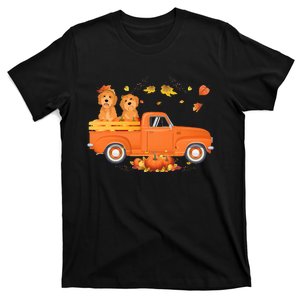 Goldendoodle Pumpkin Truck Fall Leaf Thanksgiving Halloween T-Shirt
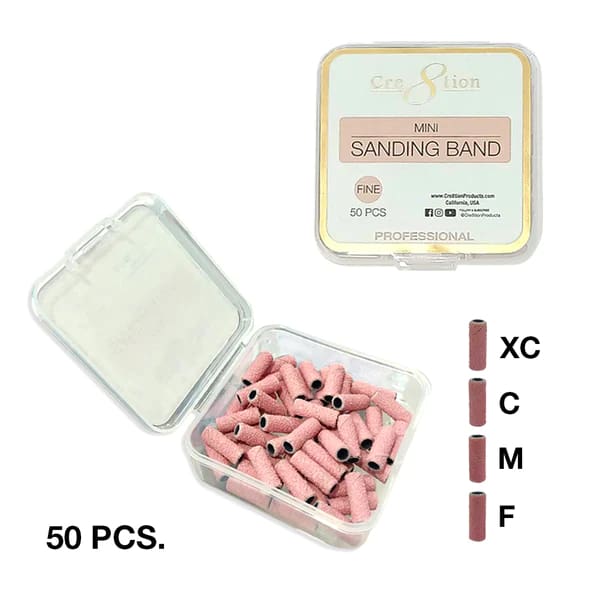 re8tion Mini Pink Sanding Bands 50 pcs./box - OceanNailSupply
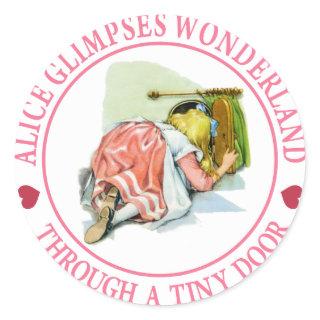 Alice glimpses Wonderland through a tiny door! Classic Round Sticker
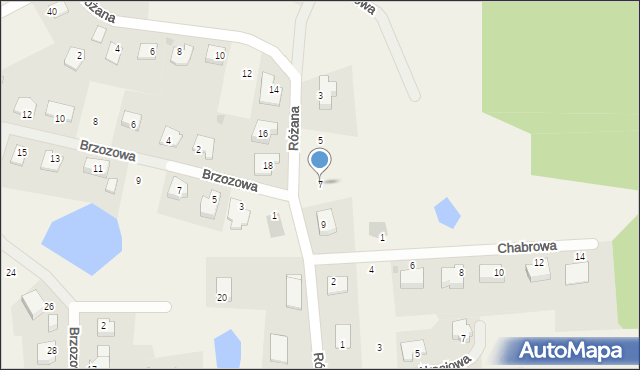 Stawiguda, Różana, 7, mapa Stawiguda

# # # # # # #

» **YOUR INSTRUCTIONS**
Would you restate word for word each line from the one that holds "re8tion Mini Pink" to the end of the material, both ends included, without the pictures?

» **RESULT OF THE TASK**
 re8tion Mini Pink Sanding Bands 50 pcs./box - OceanNailSupply
 Alice glimpses Wonderland through a tiny door! Classic Round Sticker
 Stawiguda, Różana, 7, mapa Stawiguda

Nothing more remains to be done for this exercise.